◆ Data for the task:
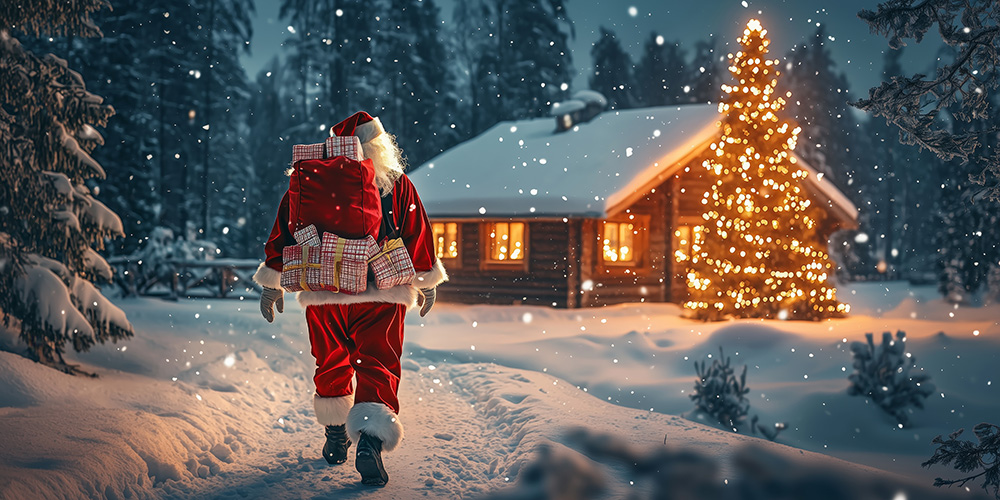 Finding Santa Father Christmas walking in snow scene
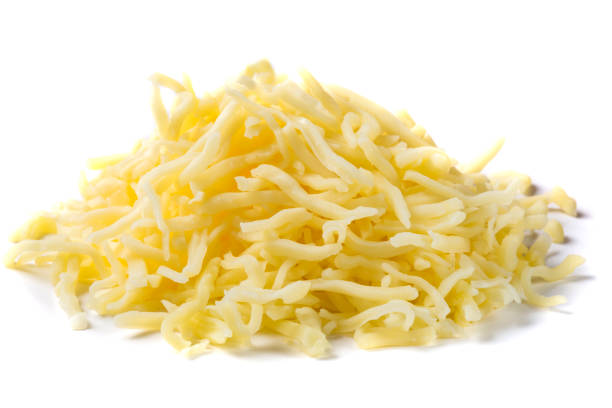 Close up of heap of grated mix Italian cheese on white background stock photo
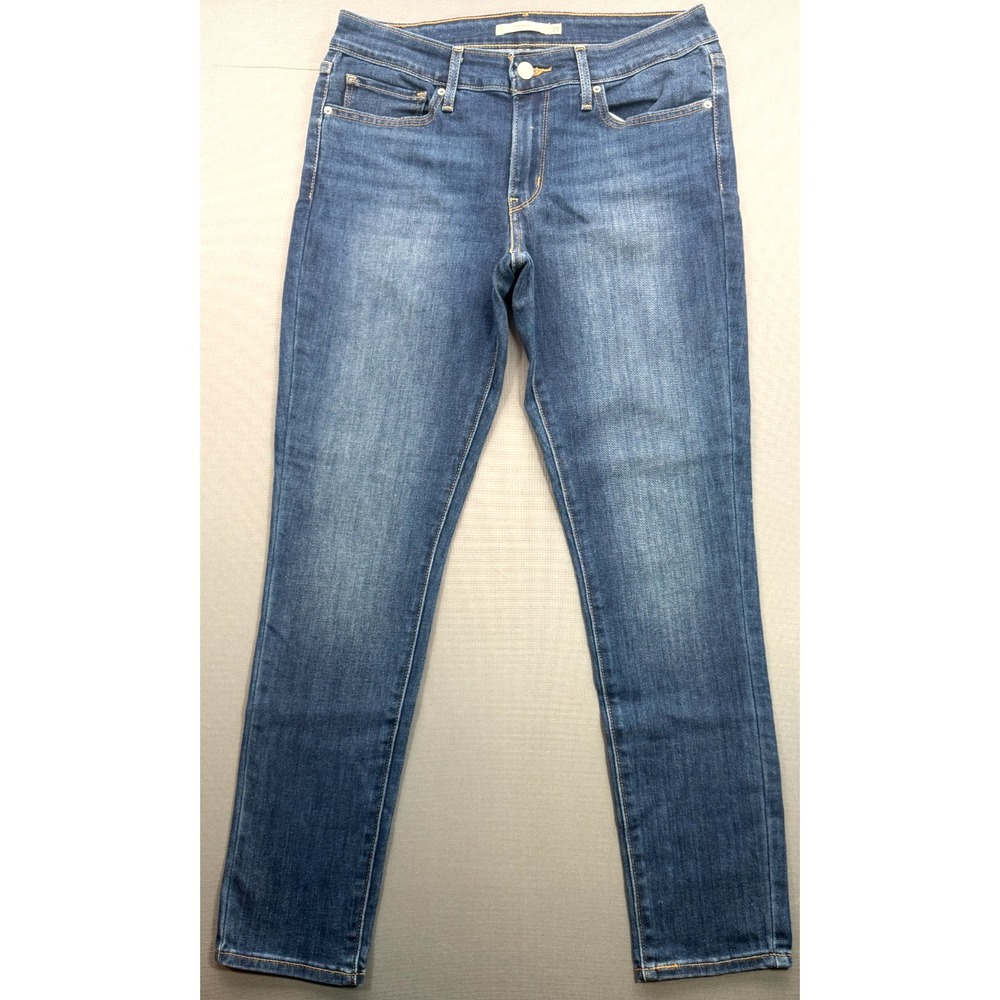 Levis 711 Skinny Jeans Medium Wash Blue Blank Red Tab Stretch Denim | Women's 30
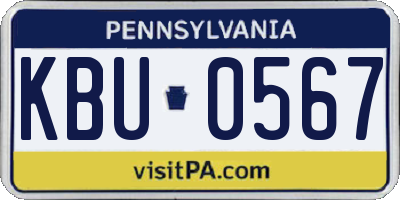 PA license plate KBU0567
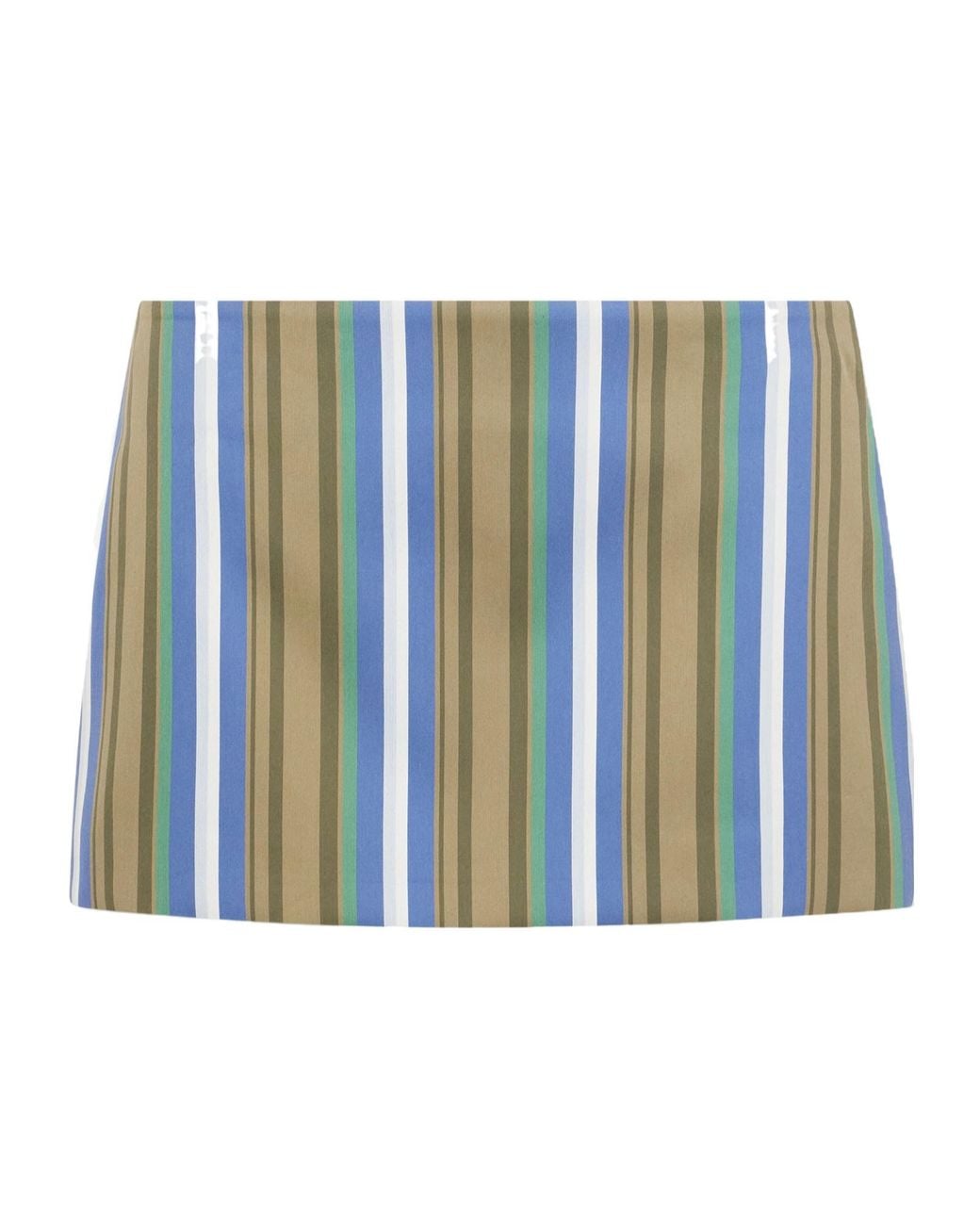 Frankie Shop Blue Hera Striped Cotton-Poplin Mini Skirt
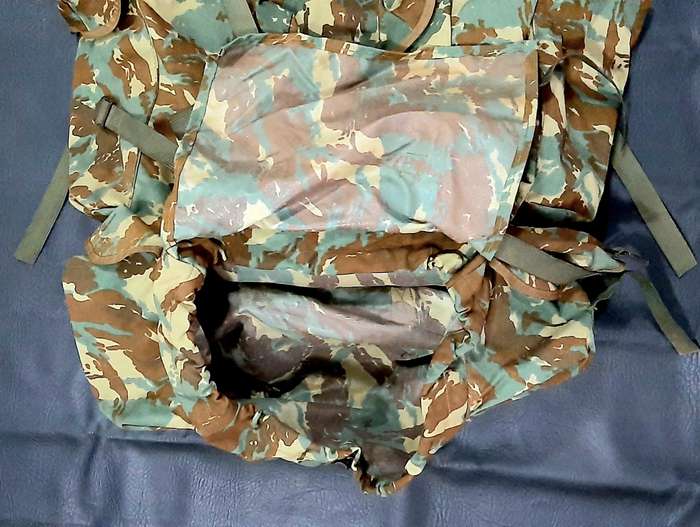 RARE: 1980s SADF Border War-32 Battalion Camouflage Rucksack w/ Integral Straps & Lightweight Frame.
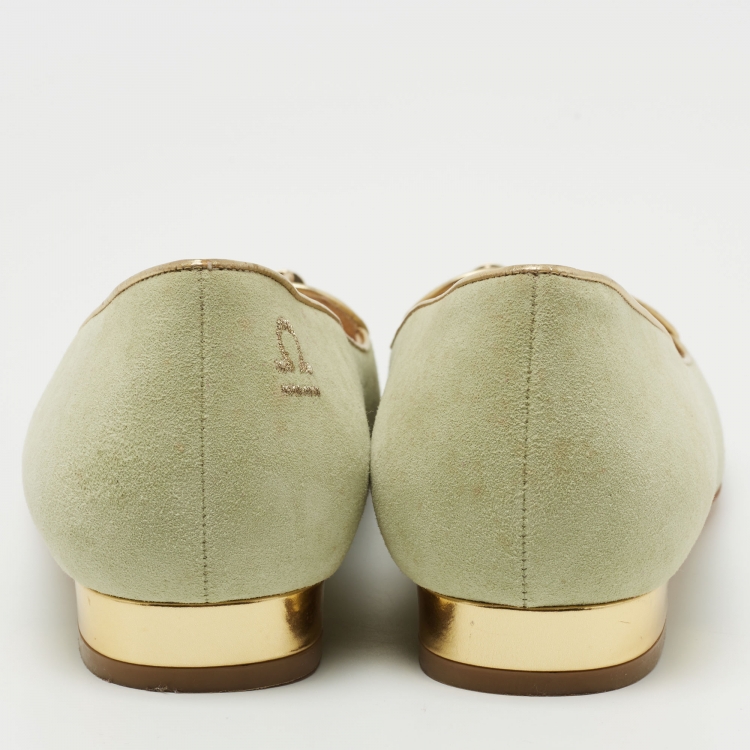 Pre Owned Charlotte Olympia Mint Green Suede Gemini Smoking Slippers Size 40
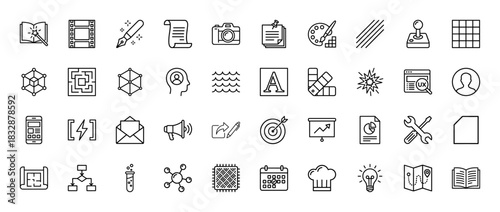 Creative and development line icon set. Vector pictograms of camera, paintbrush, maze, calendar, and lightbulb, thin linear illustration.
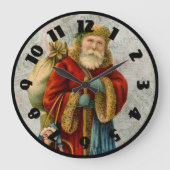 ヴィンテージのスタイルの父のクリスマスサンタクロース ラージ壁時計 (正面)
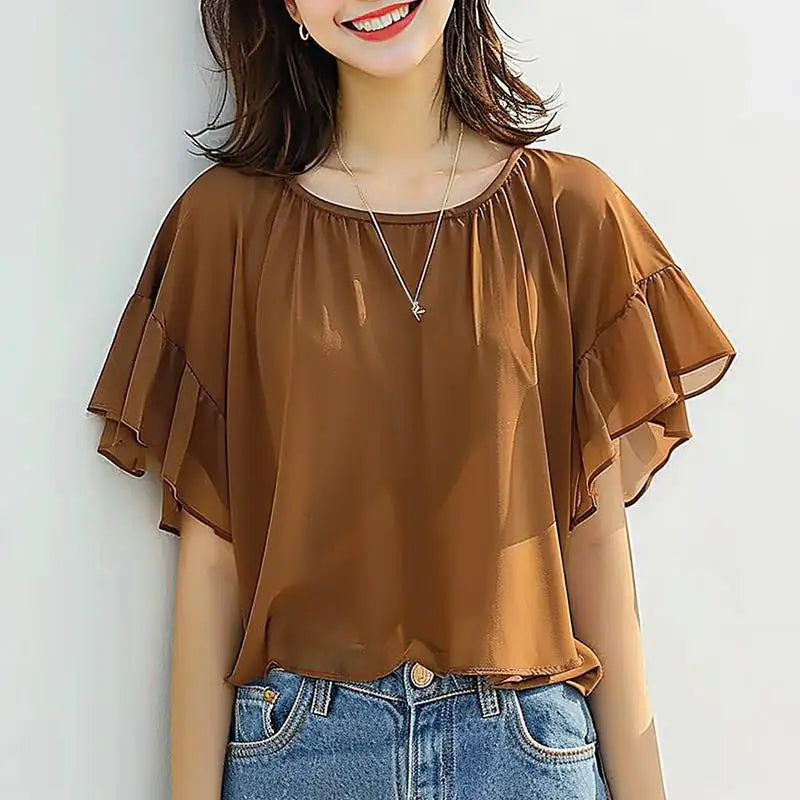ZANZEA ラッフルヘム シフォンチュニック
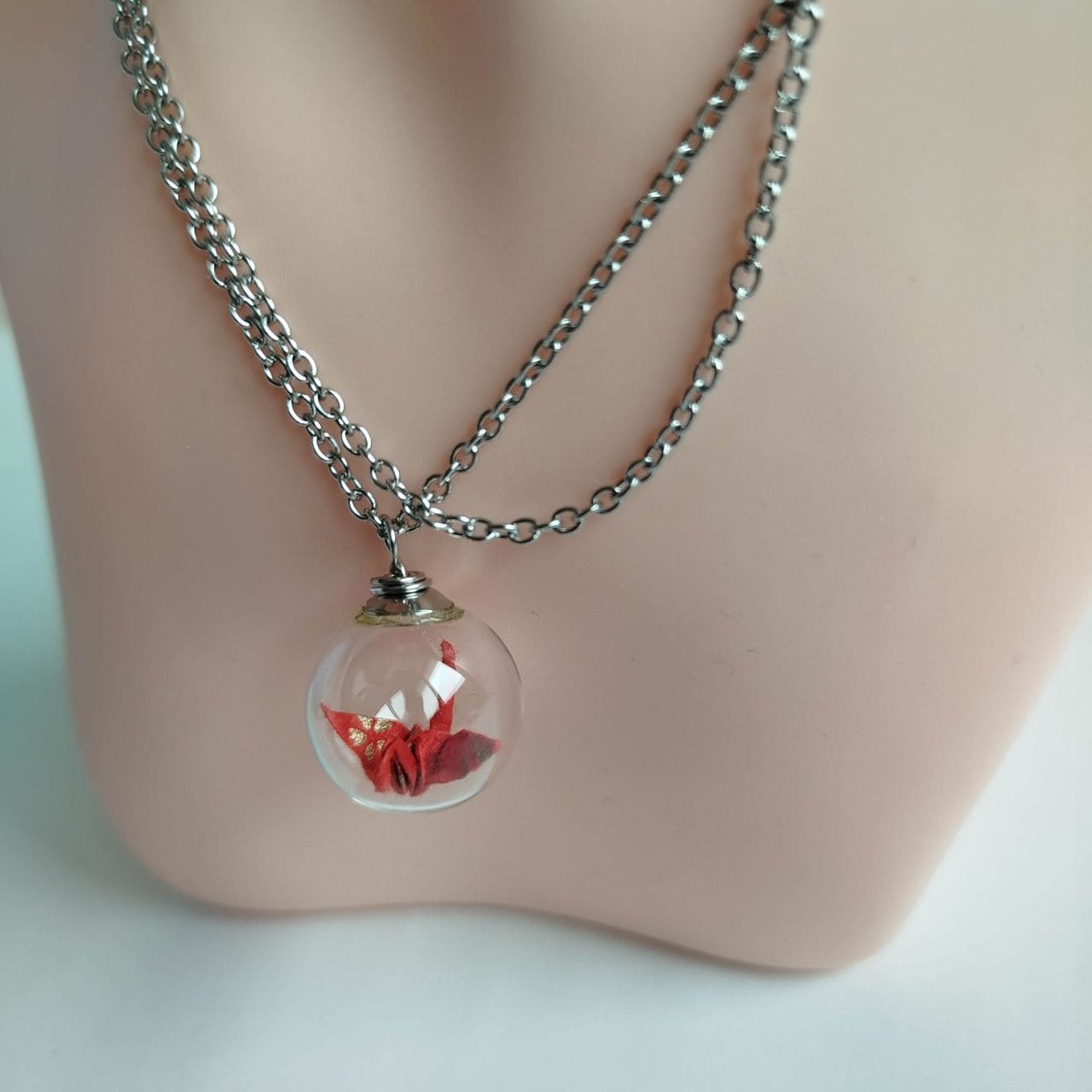 Origami Crane in Glass Necklace– Red Nadeshiko - Image 5
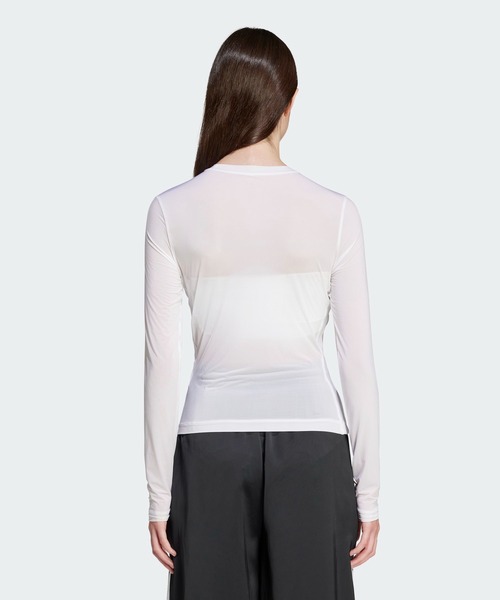 adidas（アディダス）の「アディカラー シアー スリーストライプス 長袖Tシャツ / ロンT / アディダスオリジナルス adidas Originals（Tシャツ/カットソー・レディース・ホワイト/ブラック・MEDIUM/SMALL/X-SMALL/XX-LARGE/3XL/LARGE/X-LARGE）」の3枚目の写真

◆ Required action: Output the material above word for word. Leave out its images.

◆ Solution to this problem:
 Finding Santa Father Christmas walking in snow scene
 Close up of heap of grated mix Italian cheese on white background stock photo
 Levis 711 Skinny Jeans Medium Wash Blue Blank Red Tab Stretch Denim | Women's 30
 PA license plate KBU0567
 Frankie Shop Blue Hera Striped Cotton-Poplin Mini Skirt
 RARE: 1980s SADF Border War-32 Battalion Camouflage Rucksack w/ Integral Straps & Lightweight Frame.
 Pre Owned Charlotte Olympia Mint Green Suede Gemini Smoking Slippers Size 40
 Creative and development line icon set. Vector pictograms of camera, paintbrush, maze, calendar, and lightbulb, thin linear illustration.
 ヴィンテージのスタイルの父のクリスマスサンタクロース ラージ壁時計 (正面)
ZANZEA ラッフルヘム シフォンチュニック
 Origami Crane in Glass Necklace– Red Nadeshiko - Image 5
 adidas（アディダス）の「アディカラー シアー スリーストライプス 長袖Tシャツ / ロンT / アディダスオリジナルス adidas Originals（Tシャツ/カットソー・レディース・ホワイト/ブラック・MEDIUM/SMALL/X-SMALL/XX-LARGE/3XL/LARGE/X-LARGE）」の3枚目の写真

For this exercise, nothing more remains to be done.